Over the past 30 years, companies assigned to the financial (26.4%), industrial (19.4%), basic materials (14%), technology (10.8%), and consumer cyclicals (10.4%) sectors have expanded their activities through CBM&A. Based on a detailed analysis of the acquirer’s economic sector, it can be stated that the importance of the financial sector has increased significantly, while the role of the technology, basic materials, and industrial sector has slightly decreased.

In turn, when assessing the target’s economic sector, across the entire period, entities from the industrial (23.2%), financial (17%), technology (13.10%), consumer cyclicals (12.2%), and basic materials (11.8%) sectors were the main investment targets in the global CBM&A network. It is also noteworthy that between 1990 and 2021, within the target’s economic sector, the importance of the consumer cyclicals sector increased, while the share of transactions conducted in the industrial, financial, and basic materials sectors slightly decreased.

Conclusions

This paper analyzed the structure, evolution, and topological characteristics of global CBM&A networks over the past 30 years. To summarize, the results of this study, like those of Galaso and Sánchez-Díez [2020], reveal that the directions of FDI implemented in the form of CBM&A are driven by polarized and unequal relationships between countries.

In particular, between 1990 and 2021, the global CBM&A network was characterized by relatively high density and a stable geographical structure. There was a considerable number of interrelationships between the given country pairs that engage in CBM&A. While businesses from the financial, industrial, basic materials, technology, and consumer cyclicals sector made transactions in the global CBM&A network, they were also the main investment targets. In turn, transactions in the healthcare, consumer non-cyclicals, energy, telecommunications services, and utilities sectors played a marginal role.

Throughout the period under review, the economies of the USA, GBR, DEU, CAN, and FRA occupied the most central place in the network as they maintained the majority of investment relationships with all entities in the system. These countries played a key role in all calculated network metrics. Depending on the applied indicators, attention should also be paid to other Western European countries (NLD, SWE, ESP, ITA, and CHE), AUS, and BRA, and in the case of intermediation, also to RUS and ZAF.

Moreover, from the beginning of the 21st century, there has been a significant increase in the importance of Asian countries in the global CBM&A network, with CHN and IND receiving a large inflow of foreign capital. Entities from HKG, SGP, JPN, and CHN invested heavily abroad through M&A. Asian economies (i.e., CHN, HKG, SGP, and IND) also played the role of crucial intermediaries in the global CBM&A network.

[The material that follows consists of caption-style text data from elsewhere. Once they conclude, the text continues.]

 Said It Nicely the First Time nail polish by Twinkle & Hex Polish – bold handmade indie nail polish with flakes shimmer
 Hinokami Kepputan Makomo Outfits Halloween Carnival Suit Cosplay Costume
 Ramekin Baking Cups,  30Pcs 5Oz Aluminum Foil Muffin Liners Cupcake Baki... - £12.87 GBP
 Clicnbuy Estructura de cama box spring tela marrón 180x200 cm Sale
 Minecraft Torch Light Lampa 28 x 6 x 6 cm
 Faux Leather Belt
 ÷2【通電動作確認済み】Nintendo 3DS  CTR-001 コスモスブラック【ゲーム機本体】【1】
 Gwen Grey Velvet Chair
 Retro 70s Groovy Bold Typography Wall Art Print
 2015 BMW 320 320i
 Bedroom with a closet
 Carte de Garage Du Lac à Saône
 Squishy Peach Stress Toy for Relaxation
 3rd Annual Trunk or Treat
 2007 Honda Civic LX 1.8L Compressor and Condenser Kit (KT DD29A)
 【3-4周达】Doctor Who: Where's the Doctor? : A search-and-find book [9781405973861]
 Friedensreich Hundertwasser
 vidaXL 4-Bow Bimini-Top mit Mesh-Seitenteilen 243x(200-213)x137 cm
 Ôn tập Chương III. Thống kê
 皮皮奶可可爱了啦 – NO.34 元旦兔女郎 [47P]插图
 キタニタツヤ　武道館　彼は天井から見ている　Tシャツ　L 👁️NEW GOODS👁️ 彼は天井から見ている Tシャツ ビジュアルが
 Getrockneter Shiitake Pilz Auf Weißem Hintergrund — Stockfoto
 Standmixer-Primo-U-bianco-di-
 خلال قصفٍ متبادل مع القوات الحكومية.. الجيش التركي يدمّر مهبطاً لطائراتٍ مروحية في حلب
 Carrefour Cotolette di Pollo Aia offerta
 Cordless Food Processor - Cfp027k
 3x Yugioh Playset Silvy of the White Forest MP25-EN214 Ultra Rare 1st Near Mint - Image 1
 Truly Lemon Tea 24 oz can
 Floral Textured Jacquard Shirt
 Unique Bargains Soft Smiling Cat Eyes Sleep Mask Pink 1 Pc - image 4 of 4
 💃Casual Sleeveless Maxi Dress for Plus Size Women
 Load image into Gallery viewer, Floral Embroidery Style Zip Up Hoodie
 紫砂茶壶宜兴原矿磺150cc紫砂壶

Finally, it is important to highlight some limitations of the study. First, the results are presented for aggregated data at the country and economic sector levels. Comparative global ranking tables at the individual business sector and transnational corporation levels would be too extensive and thus illegible. Second, only the number of CBM&A transactions is considered; the value of these transactions is omitted due to the lack of availability of complete data in the Refinitiv M&A database.

Despite these limitations, it is also relevant that the study of the CBM&A topology using network analysis gives a kind of order to economic reality. This study showed which sectors are the most active and which countries play the important role of intermediaries in the global CBM&A transactions. Thus, the paper reviewed the main areas for consideration by policy-makers.

This publication presents a new perspective on evaluating the global CBM&A network, taking advantage of the relational nature of the M&A data. This article is an introduction to an in-depth analysis of CBM&A processes in the context of a network approach (using SNA tools). The issues discussed in this study require further analysis, the subject of which may be research on the ownership structure of the merging entities. It would also be worth identifying the structure of the CBM&A network, especially for the individual countries identified in this study as the most central nodes.